No Fear In Love

Title: No Fear In Love

Bible Book: 1 John 4 : 17-21

Author: Johnny L. Sanders

Subject: Love, Rewards of



The Bible has a lot to save about love. As a matter of fact the word “love” appears over 350 times in the Bible. That, however, should not surprise us. Just look at America and consider how the word is used in literature, music, by the entertainment, in counseling, and in speech. We have one word for love in English for love, and the context determines the meaning. That one word expresses romantic love, filial love, brotherly love, and love for life, nature, of beauty in general. In the Greek, there are different words for various kinds of love. There is romantic love, but in the New Testament we are concerned primarily with brotherly love (phileo) and the special kind of love God commands (agape). A misunderstanding of these two loves can confuse even mature believers and leave them with unnecessary guilt. The thing we must remember is that you cannot command romantic love or brotherly love, but God commands a certain kind of love (agape). It can be commanded because it is a mental attitude kind of love - a love that is directed by the mind and will, and not just the heart. The Lord commands us to love people who are not pleasant, not appealing, not even likable. This is kind of love (agape) is the what we are dealing with in this passage. It is a love that involves the mind, the feelings, and the will, but it is driven by what we understand to be the will (and command) of the Lord.


“By this, love is perfected with us, that we may have confidence in the day of judgment; because as He is, so also are we in this world. There is no fear in love; but perfect love casts out fear, because fear involves punishment, and the one who fears is not perfected in love. We love, because He first loved us.”

A. “By This” Holds Verse 16 Before Us, 17a.

“And we have come to know and have believed the love which God has for us. God is love, and the one who abides in love abides in God, and God abides in him.”

1. We come to know His love when we come to know Him.

2. God is love.

3. To abide in Him is to abide in His love.

4. Love is perfected in us when we abide in Him.

B. Love Gives Us Confidence in the Day of Judgment, 17b.

1. God does not to offer hope to one who has never been born again.

2. He wants all who have been saved to live without fear of judgment.

3. Fear of judgement is lifted for the mature believer.

4. We have this assurance because, “as He is, so also are we in this world.”

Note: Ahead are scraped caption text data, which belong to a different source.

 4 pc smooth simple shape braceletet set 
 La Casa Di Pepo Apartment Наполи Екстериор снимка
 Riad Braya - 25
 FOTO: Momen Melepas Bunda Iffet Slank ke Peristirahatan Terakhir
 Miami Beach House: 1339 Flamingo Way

a. Fear is removed because of God’s love for us.
b. Fear is removed because of our love for Him.
c. Fear is removed even in this world, here and now.
d. Fear is removed because we are like him, here and now.

C. There Is no Fear in Love, 4:18.

“There is no fear in love; but perfect love casts out fear, because fear involves punishment, and the one who fears is not perfected in love.”

1. This applies only to the love God commands and nurtures.

2. Many fears are removed in this world through love.

3. God’s love casts our fear.

4. Love removes the fear of punishment.

5. “The one who fears is not perfected in love.”

Fear is an awesome thing. It weakens, limits the vision, blurs the focus, and paralyzes people when permitted to run its course. It robs of us vitality, it turns our attention inward, it loses sight of others,
makes a fruitful person barren, and it creates a dread for any and everything outside our narrow circle of activities and contacts. It may lead one to dread the mail, the door bell, the message on the answering machine. Fear breeds fear, and even those who loath fear within themselves continue to feed and fuel the fear that is robbing them of a meaningful life.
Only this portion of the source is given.